-- Material for this task follows --

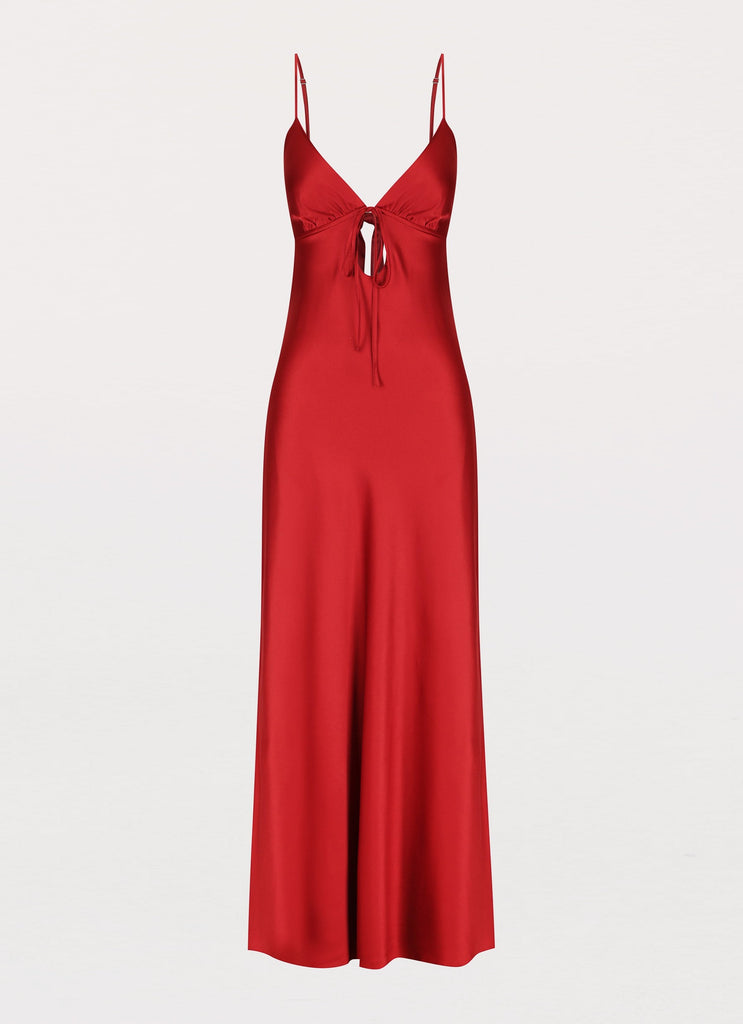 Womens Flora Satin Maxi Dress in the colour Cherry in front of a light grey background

-- Material for this task concluded --
-- Material for this task follows --

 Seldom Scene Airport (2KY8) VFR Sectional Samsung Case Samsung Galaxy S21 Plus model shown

-- Material for this task concluded --
-- Material for this task follows --

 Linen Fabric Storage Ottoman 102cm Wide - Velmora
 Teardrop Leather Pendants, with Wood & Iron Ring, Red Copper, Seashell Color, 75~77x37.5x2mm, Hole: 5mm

-- Material for this task concluded --

-- Action item --
Using the data above, reproduce exactly the lines from the line that contains "Linen Fabric Storage" through the line that contains "Teardrop Leather Pendants, with", including both.

-- Solution --
 Linen Fabric Storage Ottoman 102cm Wide - Velmora
 Teardrop Leather Pendants, with Wood & Iron Ring, Red Copper, Seashell Color, 75~77x37.5x2mm, Hole: 5mm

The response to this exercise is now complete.